Performance of a screening-trained DL model for pulmonary nodule malignancy estimation of incidental clinical nodules.
Authors
Affiliations (6)
Affiliations (6)
- Department of Medical Imaging, Radboud University Medical Center, Nijmegen, The Netherlands. [email protected].
- Department of Medical Imaging, Radboud University Medical Center, Nijmegen, The Netherlands.
- Department of Radiology, University Medical Center Utrecht, Utrecht University, Utrecht, The Netherlands.
- Department of Radiology and Nuclear Medicine, Maastricht University Medical Center, Maastricht University, Maastricht, The Netherlands.
- Maastricht University, GROW, School of Oncology and Reproduction, Maastricht, The Netherlands.
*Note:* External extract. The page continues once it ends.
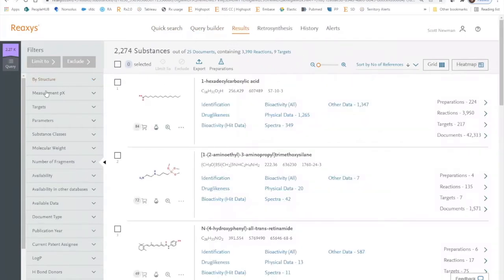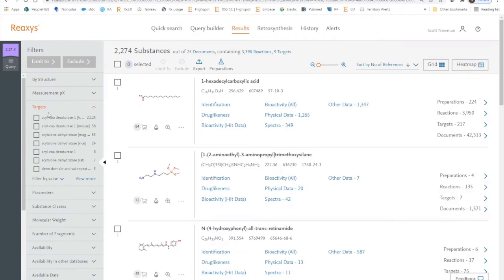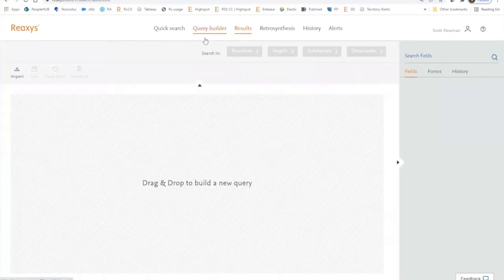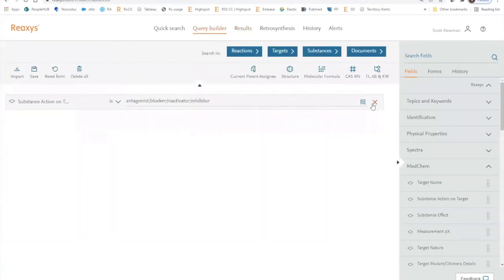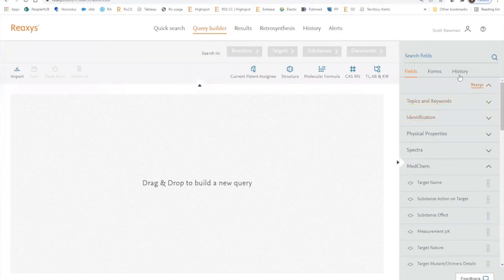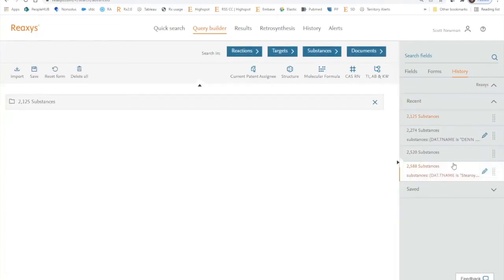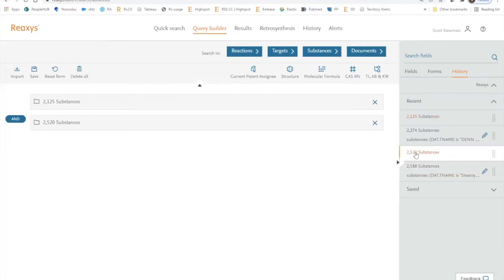We then filter those compounds for action on the human target only, and we recover 2,125 substances. We'll go back to Query Builder, clear the workspace, open up the history section, and introduce those 2,125 substances into the workspace. I previously performed an identical search on SCD5 and recovered 2,520 substances that inhibit SCD5 that act on only the human target.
- Department of Radiology, Meander Medical Center, Amersfoort, The Netherlands.
Abstract
To test the performance of a DL model developed and validated for screen-detected pulmonary nodules on incidental nodules detected in a clinical setting. A retrospective dataset of incidental pulmonary nodules sized 5-15 mm was collected, and a subset of size-matched solid nodules was selected. The performance of the DL model was compared to the Brock model. AUCs with 95% CIs were compared using the DeLong method. Sensitivity and specificity were determined at various thresholds, using a 10% threshold for the Brock model as reference. The model's calibration was visually assessed. The dataset included 49 malignant and 359 benign solid or part-solid nodules, and the size-matched dataset included 47 malignant and 47 benign solid nodules. In the complete dataset, AUCs [95% CI] were 0.89 [0.85, 0.93] for the DL model and 0.86 [0.81, 0.92] for the Brock model (p = 0.27). In the size-matched subset, AUCs of the DL and Brock models were 0.78 [0.69, 0.88] and 0.58 [0.46, 0.69] (p < 0.01), respectively. At a 10% threshold, the Brock model had a sensitivity of 0.49 [0.35, 0.63] and a specificity of 0.92 [0.89, 0.94]. At a threshold of 17%, the DL model matched the specificity of the Brock model at the 10% threshold, but had a higher sensitivity (0.57 [0.43, 0.71]). Calibration analysis revealed that the DL model overestimated the malignancy probability. The DL model demonstrated good discriminatory performance in a dataset of incidental nodules and outperformed the Brock model, but may need recalibration for clinical practice. Question What is the performance of a DL model for pulmonary nodule malignancy risk estimation developed on screening data in a dataset of incidentally detected nodules? Findings The DL model performed well on a dataset of nodules from clinical routine care and outperformed the Brock model in a size-matched subset. Clinical relevance This study provides further evidence about the potential of DL models for risk stratification of incidental nodules, which may improve nodule management in routine clinical practice.